> The task
Set every record down again, exactly and completely.
————————
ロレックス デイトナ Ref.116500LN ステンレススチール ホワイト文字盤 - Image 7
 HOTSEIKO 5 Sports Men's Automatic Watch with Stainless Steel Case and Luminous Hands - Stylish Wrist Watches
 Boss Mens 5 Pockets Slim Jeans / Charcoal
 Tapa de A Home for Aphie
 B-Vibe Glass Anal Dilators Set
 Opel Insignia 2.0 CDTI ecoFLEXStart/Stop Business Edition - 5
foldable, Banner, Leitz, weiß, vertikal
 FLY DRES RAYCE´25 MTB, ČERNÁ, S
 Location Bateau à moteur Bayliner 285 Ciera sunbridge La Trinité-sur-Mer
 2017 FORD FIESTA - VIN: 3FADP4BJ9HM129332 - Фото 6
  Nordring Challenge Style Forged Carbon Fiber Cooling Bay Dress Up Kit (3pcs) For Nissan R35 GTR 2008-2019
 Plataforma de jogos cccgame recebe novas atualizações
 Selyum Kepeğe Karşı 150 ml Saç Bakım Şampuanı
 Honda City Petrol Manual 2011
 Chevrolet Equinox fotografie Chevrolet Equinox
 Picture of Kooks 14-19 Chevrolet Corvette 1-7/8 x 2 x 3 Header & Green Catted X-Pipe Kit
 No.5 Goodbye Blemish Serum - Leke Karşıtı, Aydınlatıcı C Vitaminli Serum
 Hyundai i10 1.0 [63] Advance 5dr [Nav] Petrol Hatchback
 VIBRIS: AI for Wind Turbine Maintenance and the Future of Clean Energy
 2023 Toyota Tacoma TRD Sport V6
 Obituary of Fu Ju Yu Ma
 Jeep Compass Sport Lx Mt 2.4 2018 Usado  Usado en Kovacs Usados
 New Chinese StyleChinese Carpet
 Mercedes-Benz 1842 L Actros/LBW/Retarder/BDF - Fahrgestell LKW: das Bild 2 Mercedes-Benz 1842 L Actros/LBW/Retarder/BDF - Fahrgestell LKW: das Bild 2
————————
> Response
ロレックス デイトナ Ref.116500LN ステンレススチール ホワイト文字盤 - Image 7
 HOTSEIKO 5 Sports Men's Automatic Watch with Stainless Steel Case and Luminous Hands - Stylish Wrist Watches
 Boss Mens 5 Pockets Slim Jeans / Charcoal
 Tapa de A Home for Aphie
 B-Vibe Glass Anal Dilators Set
 Opel Insignia 2.0 CDTI ecoFLEXStart/Stop Business Edition - 5
foldable, Banner, Leitz, weiß, vertikal
 FLY DRES RAYCE´25 MTB, ČERNÁ, S
 Location Bateau à moteur Bayliner 285 Ciera sunbridge La Trinité-sur-Mer
 2017 FORD FIESTA - VIN: 3FADP4BJ9HM129332 - Фото 6
  Nordring Challenge Style Forged Carbon Fiber Cooling Bay Dress Up Kit (3pcs) For Nissan R35 GTR 2008-2019
 Plataforma de jogos cccgame recebe novas atualizações
 Selyum Kepeğe Karşı 150 ml Saç Bakım Şampuanı
 Honda City Petrol Manual 2011
 Chevrolet Equinox fotografie Chevrolet Equinox
 Picture of Kooks 14-19 Chevrolet Corvette 1-7/8 x 2 x 3 Header & Green Catted X-Pipe Kit
 No.5 Goodbye Blemish Serum - Leke Karşıtı, Aydınlatıcı C Vitaminli Serum
 Hyundai i10 1.0 [63] Advance 5dr [Nav] Petrol Hatchback
 VIBRIS: AI for Wind Turbine Maintenance and the Future of Clean Energy
 2023 Toyota Tacoma TRD Sport V6
 Obituary of Fu Ju Yu Ma
 Jeep Compass Sport Lx Mt 2.4 2018 Usado  Usado en Kovacs Usados
 New Chinese StyleChinese Carpet
 Mercedes-Benz 1842 L Actros/LBW/Retarder/BDF - Fahrgestell LKW: das Bild 2 Mercedes-Benz 1842 L Actros/LBW/Retarder/BDF - Fahrgestell LKW: das Bild 2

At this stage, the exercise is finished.